Now, if you were to ask one of my sisters about my influence on her life, you would get a weird answer. She would probably summarize the entire experience by telling you a story about me doing a cartwheel into her face when we were kids. FYI, I was 10 and didn’t know it would hurt her. My little-kid brain thought she would just end up cartwheeling with me or bouncing back up like one of those weeble wobble toys. I did not think she’d end up with a broken nose.

However, if you were to ask the youngest of my siblings about the influence my existence has had on her, you’d get a completely different answer. She might tell you about how everyone says we look exactly alike, our choreographed dances, or how she gets her sense of humor, social awkwardness, and extreme need for attention when she’s talking from me.

Not every interaction I’ve had with my five younger siblings has significance to me. Not every interaction holds the same value or memory for me that it might for them. I don’t remember every conversation, every time they hurt me, or every time I hurt them. I don’t remember all the things that have made an impact on their lives. However, like my cartwheel to the face, they do. Those memories are locked into their brains and I don’t get to erase them.

As we explore the power of our influence in relationships, it’s important to understand that scripture lays out vital characteristics for us to imitate within our relationships. These characteristics lead to healthy influence, healthy relationships with others, and a healthier relationship with ourselves. In Ephesians 4:32, Paul’s writing to the church teaches us four valuable traits to carry into our relationships in order to have a great influence.

READ: Ephesians 4:32
“Be kind to one another, tenderhearted, forgiving one another, as God in Christ forgave you.”

The first thing Paul says is to “be kind to one another.” This seems simple right?! Being kind is easy. But, what is kindness? Kindness is being nice, it’s being gentle, it’s showing sympathy or care, it’s being supportive of the dreams, hopes, and aspirations of others. Kindness is love, generosity, consideration of others, and the action of being helpful. Kindness is welcoming a new person to youth group. Kindness is not talking about people behind their back. Kindness is showing grace and giving space for understanding when people have different beliefs than you.

The second thing Paul writes is to “be tenderhearted.” Like kindness, tenderheartedness can mean a lot of things. Most importantly, it is being a safe space for your relationships. To be tenderhearted means to be open, welcoming, and warm to those around you.

Next, we see that Paul calls us to be “forgiving [of] one another.” Let’s be honest, we all make mistakes. I would love to live in a world where I never do anything wrong, no one ever gets hurt by my words or actions, and everyone agrees that I am perfect. But that just isn’t the case. Sometimes I can be selfish, sometimes I can be mean, sometimes I do a cartwheel into my sister’s face, and in all those instances people get hurt. However, we can all agree that moving past our mistakes is so much easier when people are willing to forgive us. Paul encourages us to demonstrate forgiveness because he knew the church would make mistakes and without knowing us he knew we would too.

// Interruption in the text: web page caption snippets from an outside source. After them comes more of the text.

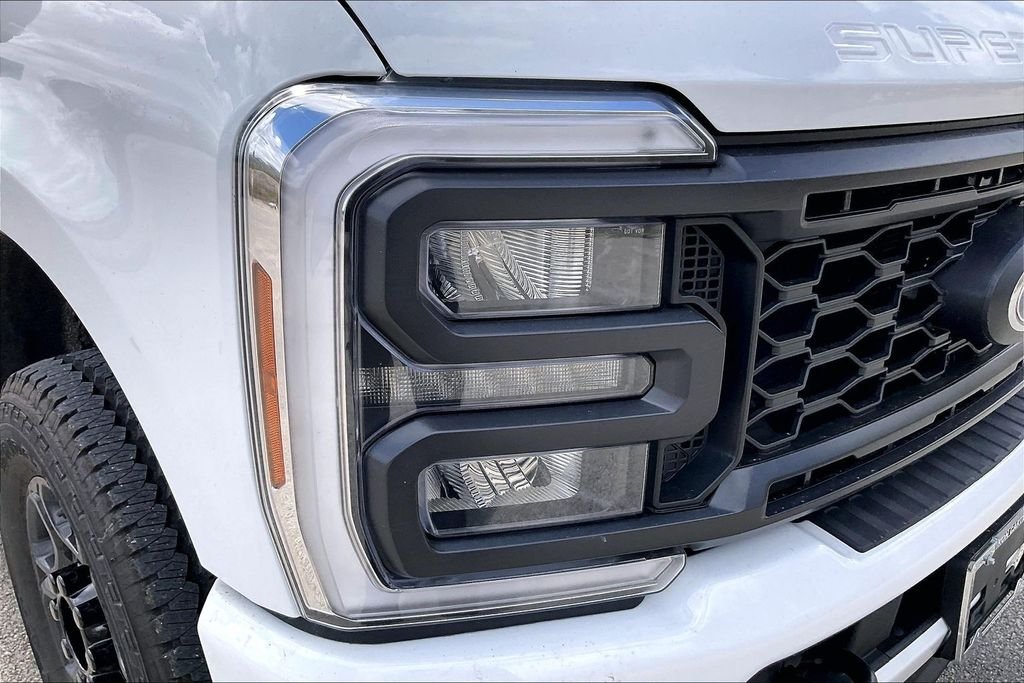 New 2026 Ford Super Duty F-250 XL 4D Crew Cab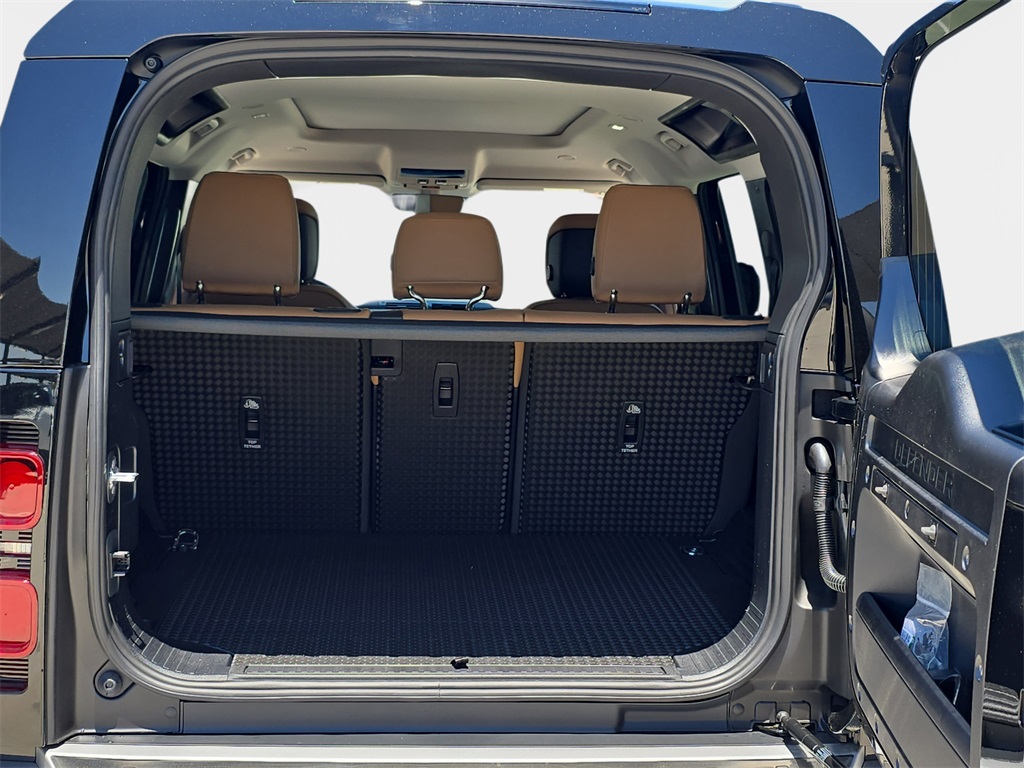 2025 Land Rover Defender 110 S photo 12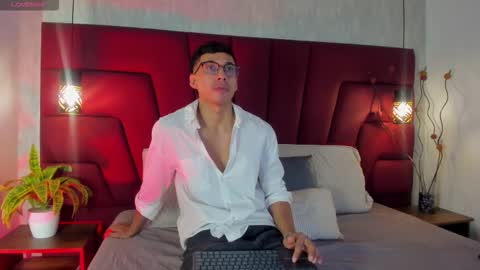 Snapshot of philip_collins chatting on 03.19.26 Milo online show from 03.19.26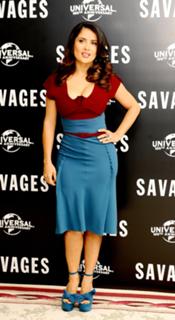Salma Hayek feet photo thumbnail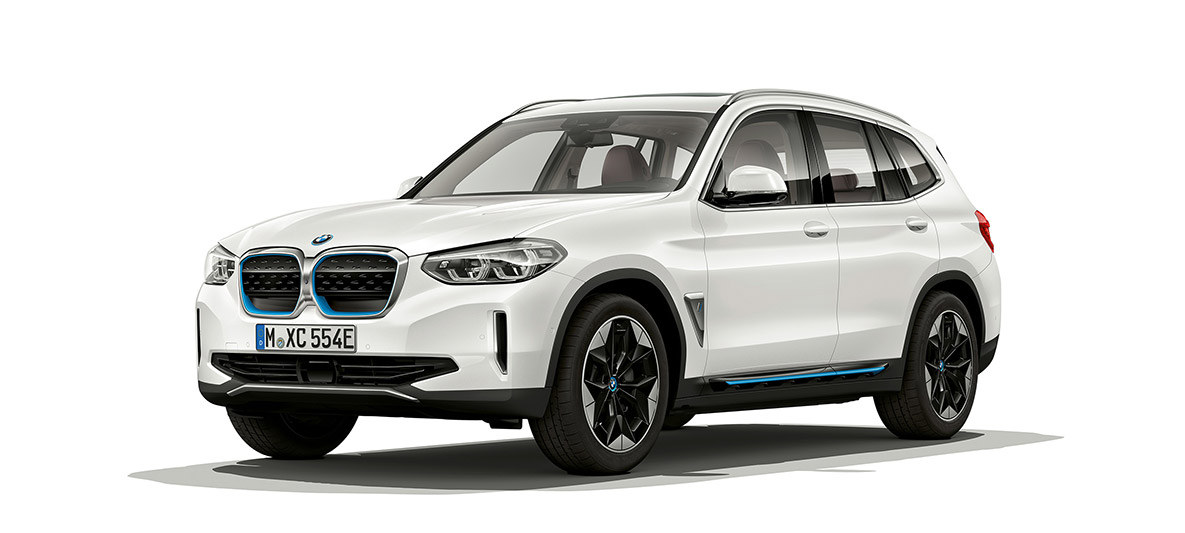 BMW iX3 G08, modèle « Impressive », vue de trois quarts avant BMW iX3 G08 2020, modèle « Impressive » en Mineralweiß metallic, vue de trois quarts avant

Now, in the final part of this scripture Paul says, “as God in Christ forgave you.” There are two important things to take away from this section of the scripture:
1) We are to do all of this because Christ has already done all of this for us.
2) We are to do all of this as a demonstration of our likeness in Christ.

The truth is, it’s hard to always be kind, always be tenderhearted, and always forgive on our own. If we had to walk the journey of “perfect” or healthy relationships without examples, I don’t think any of us would get it right. But we have Jesus as an example of not only a perfect savior and sacrifice, but as a good person, a good friend, and what a good relationship looks like.

As you wrap up this study with your circle today, keep in mind that no one is perfect but we must strive to be good examples of Christ to those around us. Jesus demonstrated kindness, tenderheartedness, and forgiveness throughout all the relationships He had here on earth and into eternity through his sacrifice for us on the cross. As we continue to push towards being Christ like, we should be a living demonstration of his kindness, tenderheartedness, and forgiveness to our friends, families, and even strangers.